§ WHAT YOU SHOULD DO: Leave the images aside and repeat the whole listing exactly.

Start of Block

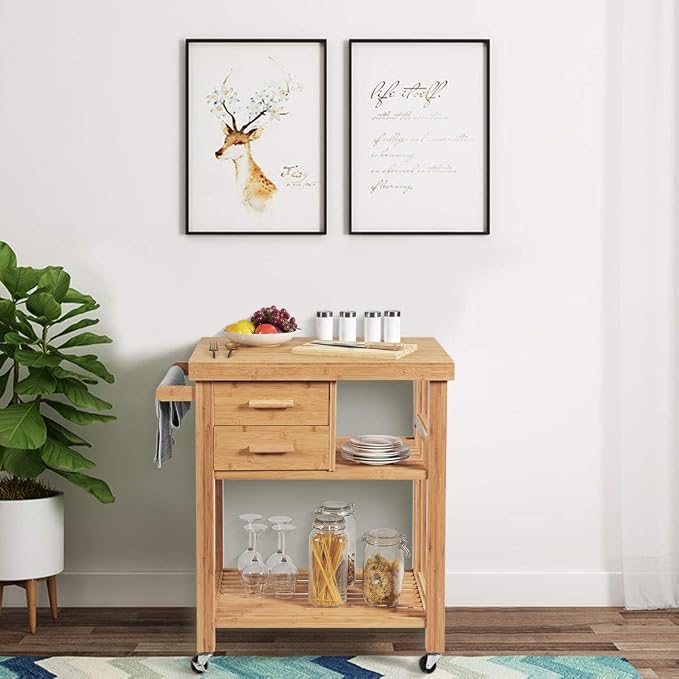 Giantex Kitchen Island, Bamboo Island Cart, Kitchen Trolley Cart on Wheels - Image 8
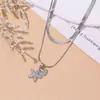Collar Transfronterizo de Doble Capa Europeo y Americano Acero Inoxidable Joyería de Moda para Mujer Lujo Ligero Flor de Rosa Moda Colgante de Acero Inoxidable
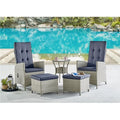 All-Weather Wicker Outdoor Recliners with Ottomans & Glass Top Table Set of 2 P4582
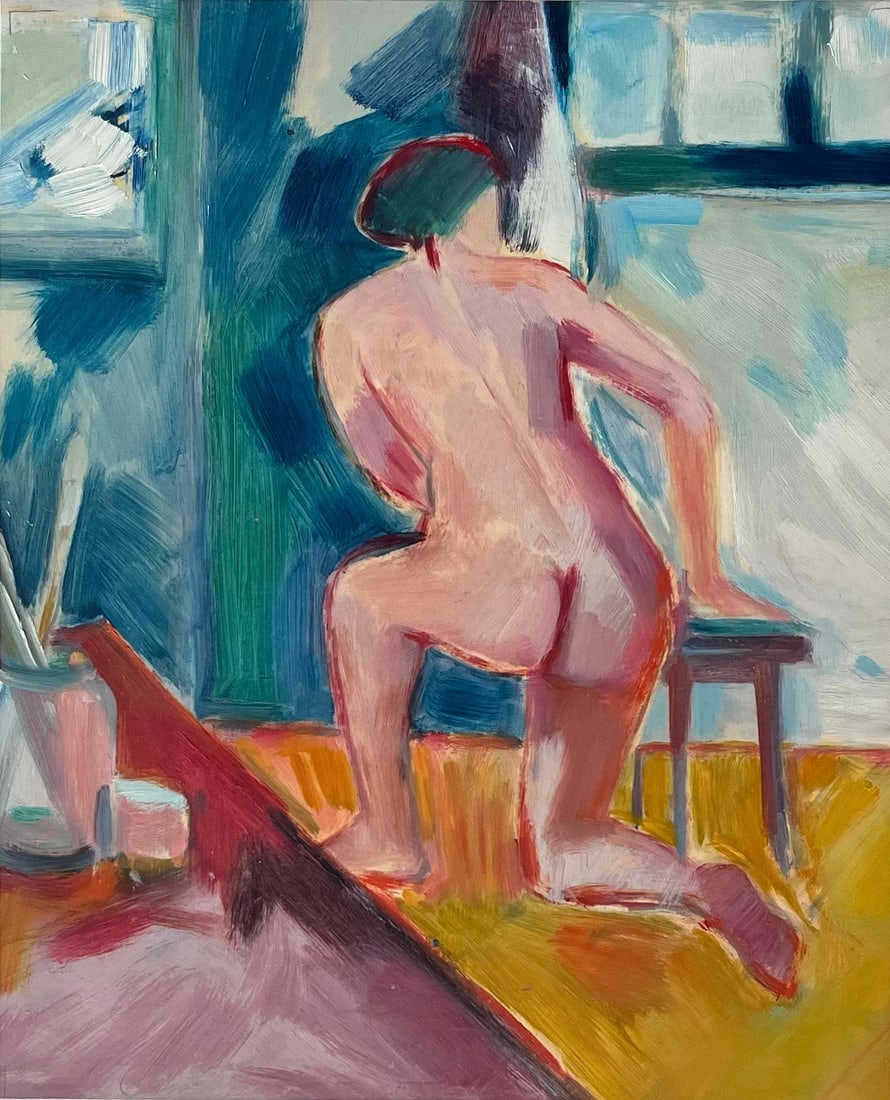 Roland Pichard; Original Oil Painting of a Figure Kneeling Next a stool in a Studio Setting: Title: Roland Pichard; Original Oil Painting of a Figure Kneeling Next a stool in a Studio Setting Description: Abstract Composition by Hermine Roy (French 1941-2023) oil on canvas, unframed signed/ i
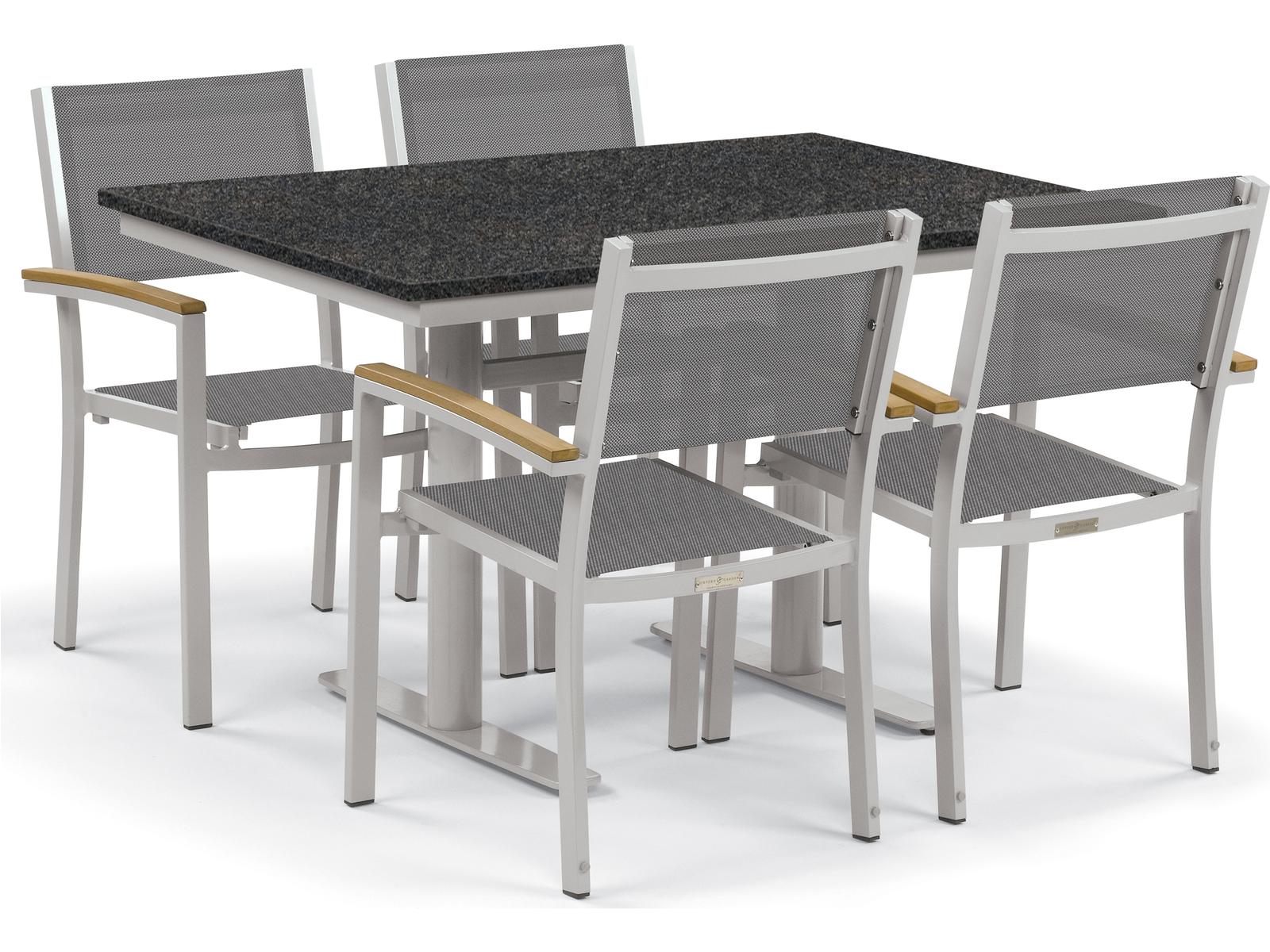 Oxford Garden Travira Aluminum Flint 5 Piece Bistro Set with Titanium Sling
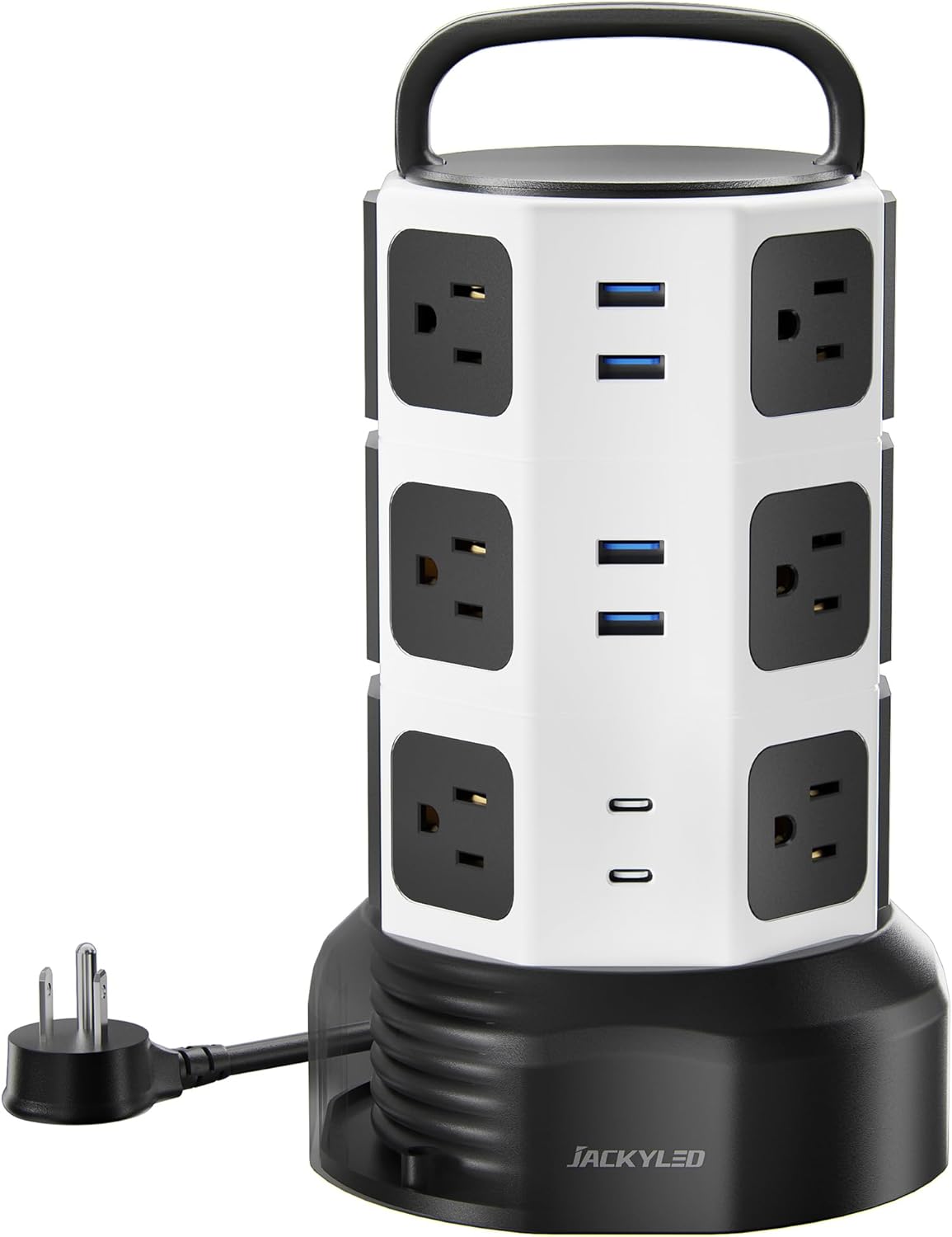 JACKYLED Power Strip Tower Surge Protector, 12 AC 6 USB (2 USB C), 1050J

End of Block

§ YOUR RESPONSE:
 Giantex Kitchen Island, Bamboo Island Cart, Kitchen Trolley Cart on Wheels - Image 8
Collar Transfronterizo de Doble Capa Europeo y Americano Acero Inoxidable Joyería de Moda para Mujer Lujo Ligero Flor de Rosa Moda Colgante de Acero Inoxidable
 All-Weather Wicker Outdoor Recliners with Ottomans & Glass Top Table Set of 2 P4582
 Roland Pichard; Original Oil Painting of a Figure Kneeling Next a stool in a Studio Setting: Title: Roland Pichard; Original Oil Painting of a Figure Kneeling Next a stool in a Studio Setting Description: Abstract Composition by Hermine Roy (French 1941-2023) oil on canvas, unframed signed/ i
 Oxford Garden Travira Aluminum Flint 5 Piece Bistro Set with Titanium Sling
 JACKYLED Power Strip Tower Surge Protector, 12 AC 6 USB (2 USB C), 1050J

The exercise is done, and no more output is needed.